For several years, I made a very small yearly donation ($10-$15) to Wikipedia when I would come across their oddly ugly banner ads. I use Wikipedia daily, often multiple times a day, not just because of the convenience, nor because of the way Wikipedia has muscled its way to the top of Google’s search rankings, but because I honestly believe in Wikipedia’s mission. The idea of creating a free and open repository of human knowledge, with versions in many languages (potentially all human languages), strikes some deep chord in my psyche. I suppose, now that I am daring myself to put it into words, that I am fascinated by Teilhard de Chardin’s idea of The Omega Point: that goal of universal love and community toward which humanity is striving–and which I believe it is our destiny to find. Wikipedia seems to me a step on that dim path.
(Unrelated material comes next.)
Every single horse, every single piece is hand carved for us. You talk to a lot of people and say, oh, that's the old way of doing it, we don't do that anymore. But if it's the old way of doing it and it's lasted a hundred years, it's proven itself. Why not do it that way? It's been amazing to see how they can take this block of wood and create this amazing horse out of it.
One might ask, if Wikipedia is a sign of the coming Omega Point, why I would only give $10. That’s an excellent question, and I don’t come out looking very good in any of the answers I could come up with. And anyway, I haven’t given any money at all since reading David Auerbach’s piece in Slate on the misogyny and trollery of many of Wikipedia’s core of editors. As a teacher of research writing, I’m well aware of the uses and misuses of Wikipedia, the many inaccuracies and at times true mendacity, the often flabby writing and foggy explanation. I’ve lately felt ambivalent about this tool that I use so often: is this worldwide experiment in democracy and collaboration so fatally flawed that I should begin looking for a better encyclopedia, something which accomplishes what Wikipedia tried to and failed?
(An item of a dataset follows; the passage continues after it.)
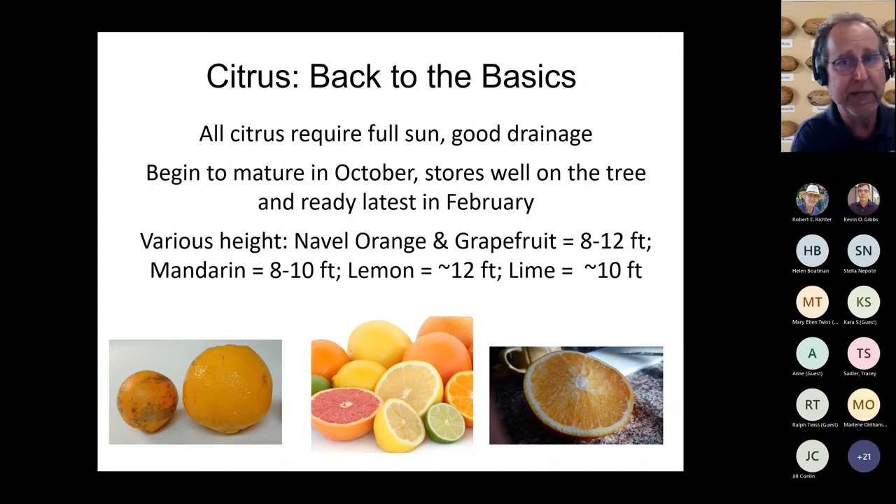Consider container cultivation for larger trees like navel oranges and grapefruits carefully — they can get really large. Mandarins, satsumas, and tangerines work well in containers. I did plant a lemon variety called Ujukitsu in my backyard. I have a cocktail grapefruit in my backyard doing just fine — it even made it through Winter Storm Uri. The root stock you're working with also affects whether you choose container or in-ground cultivation.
Wikipedia’s glaring flaws notwithstanding, I suppose I still see it as one of the best things in town: non-profit, devoted in principle (and often in practice) to human betterment and the common good. The low participation of women in the project troubles me, but I’m heartened a bit at least to know that the Wikimedia Foundation is actively trying to close that gap (and that the participation of women has increased last year over the year before, even if not by as much as the foundation had hoped). Perhaps it’s time to put aside my gripes and give a little to this project.